When we founded ZoomInfo in 2007, the conviction was that data is the prerequisite for everything in go-to-market (GTM). Assembling the architecture took the next 19 years, because the technology customers needed to consume the data the way they wanted was not yet built.

What changed is the environment around the data, not the data itself. GTM has hardened into a discipline that companies treat as a source of competitive advantage rather than a function their sales team carries out by feel. The infrastructure that makes AI-native execution possible — APIs any service can call, MCPs any agent can read — is finally available everywhere our customers do work.
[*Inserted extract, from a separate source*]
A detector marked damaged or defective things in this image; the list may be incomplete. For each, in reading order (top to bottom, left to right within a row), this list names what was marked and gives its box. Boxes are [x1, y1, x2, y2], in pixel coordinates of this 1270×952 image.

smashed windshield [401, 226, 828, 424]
The architecture customers pulled forward

Soon after we founded the business, customers wanted our data in places other than ZoomInfo. The first ask was the CRM. Then it was marketing automation tools. Then someone asked whether we had an API, and I had to figure out what an API was.
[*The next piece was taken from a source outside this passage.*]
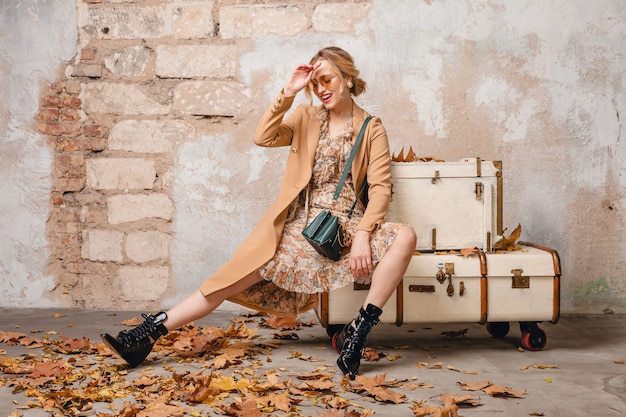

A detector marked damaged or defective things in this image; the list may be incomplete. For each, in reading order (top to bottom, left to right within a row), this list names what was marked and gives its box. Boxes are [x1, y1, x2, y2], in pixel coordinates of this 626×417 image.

Because customers kept pulling the data into more surfaces, we kept rebuilding to meet them there. Over the past two years, we did that rebuild deliberately, re-architecting the underlying infrastructure to make the data available everywhere before the use cases that would justify it were obvious. When large language models arrived, and MCP followed, the data was already designed to be consumed somewhere other than our front-end application.

That sequence inverts the usual founder narrative about AI. We did not move toward AI-native infrastructure because of ChatGPT; the customer signal had been consistent enough to bet on for years. The recent leg of the journey is the part where the market caught up.

Why the discipline hardened

If you searched 2020 earnings call transcripts for “go-to-market,” you found a few mentions across maybe five calls. Since we changed our ticker from ZI to GTM, that number is up roughly 50 times. The term is in every job description and on every earnings call.

When we started ZoomInfo, we treated go-to-market as a real discipline inside the organization, and that created differentiation because most companies did not. Today, companies broadly recognize go-to-market as a discipline that can give them a competitive advantage. The corollary is that anyone who has not built that discipline is at a structural disadvantage.

This shift is happening now because the data required to make go-to-market scientific is finally available in a way it was not in 2007 or 2020. The discipline came first. The data caught up.

The 5-year test

Go-to-market is made up of roughly 20 tasks — prospecting, account research, territory planning, TAM identification, deal inspection, call coaching and so on. Historically, ZoomInfo was excellent at one or two of those boxes. The test we set when we changed our ticker was whether we could expand into the rest.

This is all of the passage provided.